RECORDS FOR THE TASK Start Marker
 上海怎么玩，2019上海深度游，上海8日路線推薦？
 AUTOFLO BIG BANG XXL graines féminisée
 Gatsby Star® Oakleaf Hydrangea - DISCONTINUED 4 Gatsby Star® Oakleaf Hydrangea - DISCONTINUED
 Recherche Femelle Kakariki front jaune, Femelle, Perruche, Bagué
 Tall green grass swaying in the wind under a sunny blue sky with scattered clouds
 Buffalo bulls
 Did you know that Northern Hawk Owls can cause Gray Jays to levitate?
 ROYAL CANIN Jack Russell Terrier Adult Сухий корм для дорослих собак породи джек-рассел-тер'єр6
RECORDS FOR THE TASK End Marker
RECORDS FOR THE TASK Start Marker
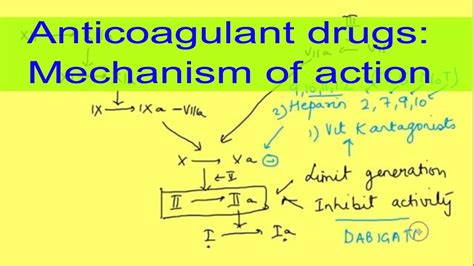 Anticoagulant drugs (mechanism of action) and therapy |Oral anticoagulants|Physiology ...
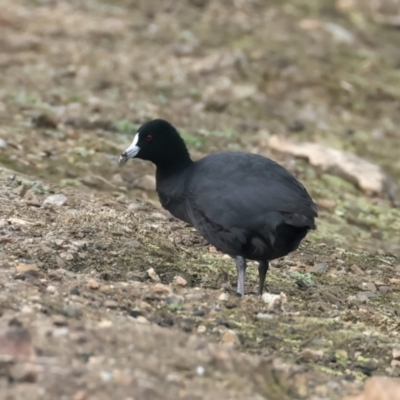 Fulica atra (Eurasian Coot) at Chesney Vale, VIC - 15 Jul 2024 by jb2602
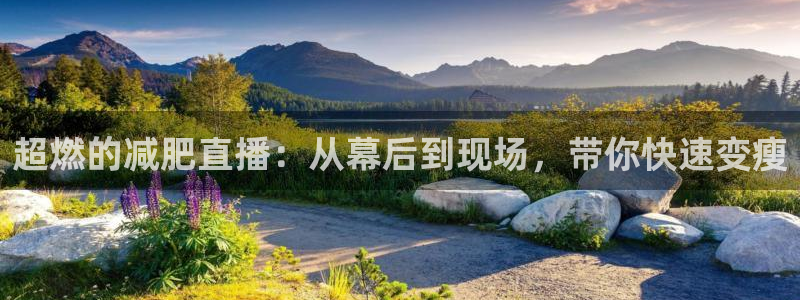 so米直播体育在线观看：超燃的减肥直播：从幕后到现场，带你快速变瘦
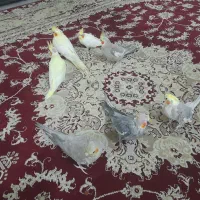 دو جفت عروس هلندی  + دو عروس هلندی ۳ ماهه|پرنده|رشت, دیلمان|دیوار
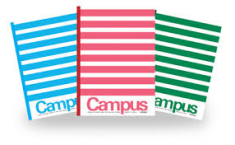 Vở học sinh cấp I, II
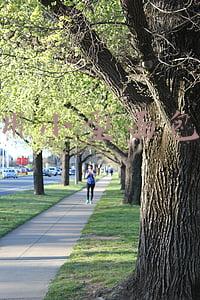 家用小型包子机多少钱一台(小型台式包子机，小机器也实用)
RECORDS FOR THE TASK End Marker
* [PROBLEM TO SOLVE]
Copy nothing but the lines above that run from the one with "therapy |Oral anticoagulants|Physiology ..." to the one with "家用小型包子机多少钱一台(小型台式包子机，小机器也实用)", ends included; pictures stay out.

* [WRITTEN ANSWER]
 Anticoagulant drugs (mechanism of action) and therapy |Oral anticoagulants|Physiology ...
 Fulica atra (Eurasian Coot) at Chesney Vale, VIC - 15 Jul 2024 by jb2602
 so米直播体育在线观看：超燃的减肥直播：从幕后到现场，带你快速变瘦
 دو جفت عروس هلندی  + دو عروس هلندی ۳ ماهه|پرنده|رشت, دیلمان|دیوار
 Vở học sinh cấp I, II
 家用小型包子机多少钱一台(小型台式包子机，小机器也实用)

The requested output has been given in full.